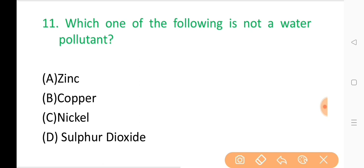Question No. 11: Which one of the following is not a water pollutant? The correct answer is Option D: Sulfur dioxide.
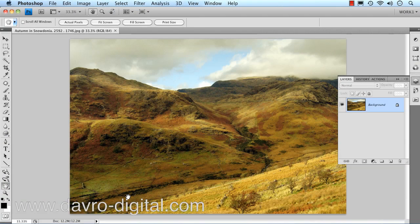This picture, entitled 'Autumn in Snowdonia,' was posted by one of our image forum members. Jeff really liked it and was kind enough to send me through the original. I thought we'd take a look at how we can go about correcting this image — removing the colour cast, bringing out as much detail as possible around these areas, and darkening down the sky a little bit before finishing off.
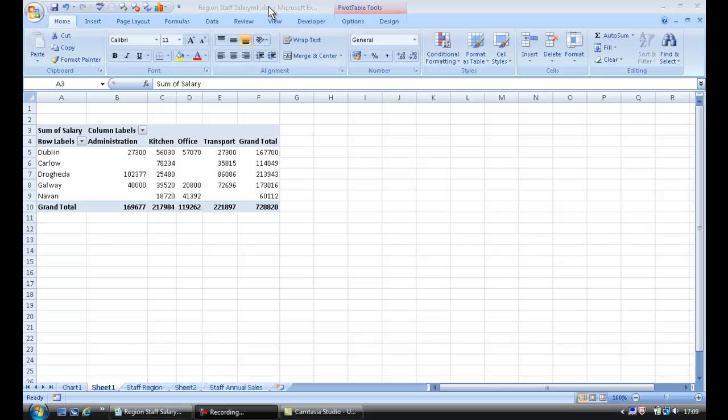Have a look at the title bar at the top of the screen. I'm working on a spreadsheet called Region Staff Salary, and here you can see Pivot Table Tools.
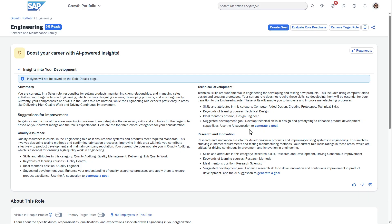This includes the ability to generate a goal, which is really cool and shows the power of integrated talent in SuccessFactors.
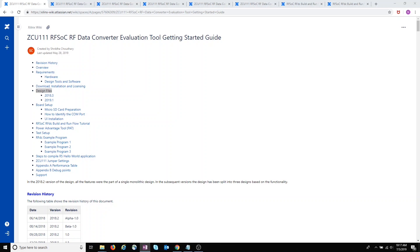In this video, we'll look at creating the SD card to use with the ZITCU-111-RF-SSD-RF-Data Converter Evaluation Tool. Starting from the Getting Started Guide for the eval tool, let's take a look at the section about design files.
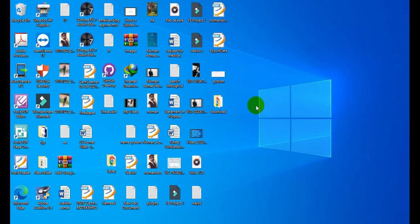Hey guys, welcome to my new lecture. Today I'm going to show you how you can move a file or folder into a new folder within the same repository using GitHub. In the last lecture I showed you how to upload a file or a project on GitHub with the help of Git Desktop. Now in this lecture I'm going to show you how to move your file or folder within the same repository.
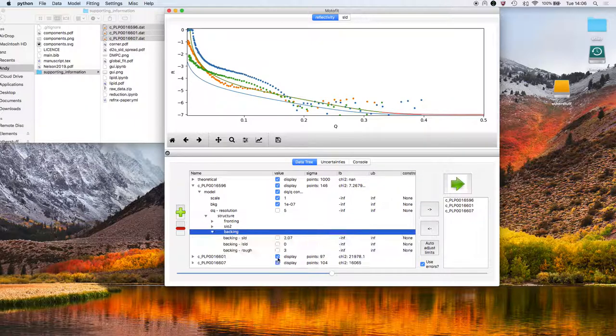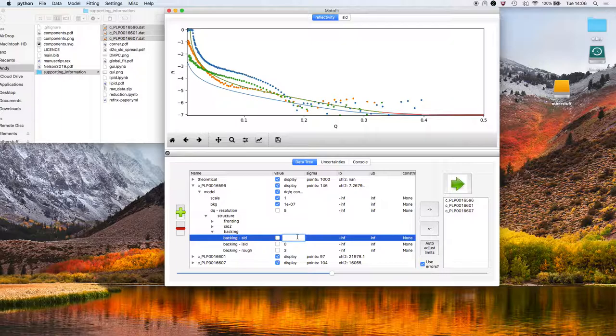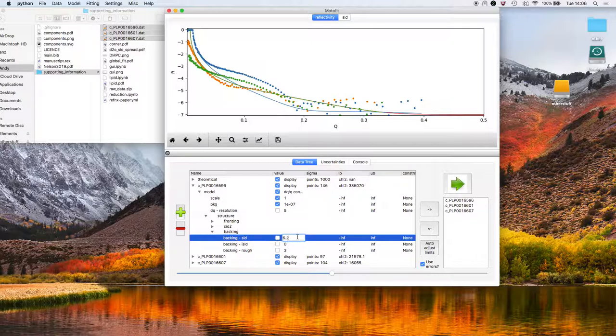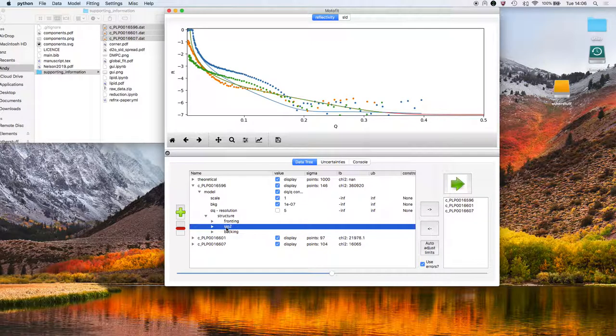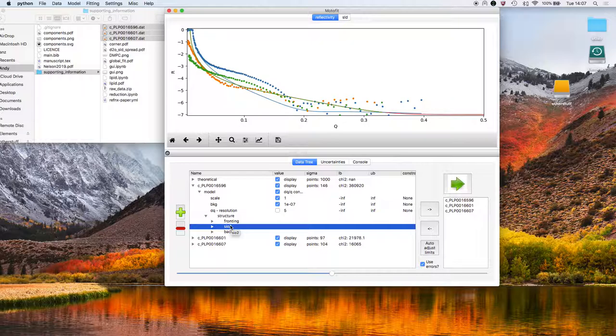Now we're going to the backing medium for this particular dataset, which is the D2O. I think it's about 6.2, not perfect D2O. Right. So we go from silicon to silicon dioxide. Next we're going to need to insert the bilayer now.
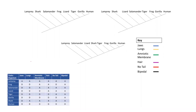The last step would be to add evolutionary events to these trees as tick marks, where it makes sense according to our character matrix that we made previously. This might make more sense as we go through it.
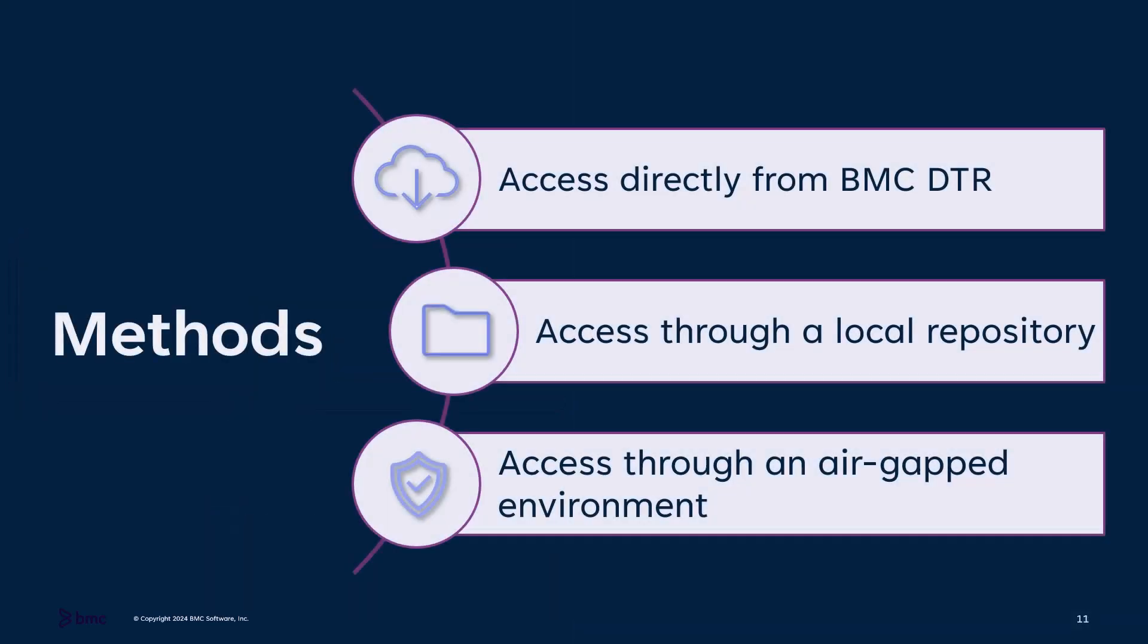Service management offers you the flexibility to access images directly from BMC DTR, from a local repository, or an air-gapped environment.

---

*To do*
Hand back the data above exactly, leaving out all pictures.

*Result of the task*
Question No. 11: Which one of the following is not a water pollutant? The correct answer is Option D: Sulfur dioxide.
This picture, entitled 'Autumn in Snowdonia,' was posted by one of our image forum members. Jeff really liked it and was kind enough to send me through the original. I thought we'd take a look at how we can go about correcting this image — removing the colour cast, bringing out as much detail as possible around these areas, and darkening down the sky a little bit before finishing off.
Have a look at the title bar at the top of the screen. I'm working on a spreadsheet called Region Staff Salary, and here you can see Pivot Table Tools.
This includes the ability to generate a goal, which is really cool and shows the power of integrated talent in SuccessFactors.
In this video, we'll look at creating the SD card to use with the ZITCU-111-RF-SSD-RF-Data Converter Evaluation Tool. Starting from the Getting Started Guide for the eval tool, let's take a look at the section about design files.
Hey guys, welcome to my new lecture. Today I'm going to show you how you can move a file or folder into a new folder within the same repository using GitHub. In the last lecture I showed you how to upload a file or a project on GitHub with the help of Git Desktop. Now in this lecture I'm going to show you how to move your file or folder within the same repository.
Now we're going to the backing medium for this particular dataset, which is the D2O. I think it's about 6.2, not perfect D2O. Right. So we go from silicon to silicon dioxide. Next we're going to need to insert the bilayer now.
The last step would be to add evolutionary events to these trees as tick marks, where it makes sense according to our character matrix that we made previously. This might make more sense as we go through it.
Service management offers you the flexibility to access images directly from BMC DTR, from a local repository, or an air-gapped environment.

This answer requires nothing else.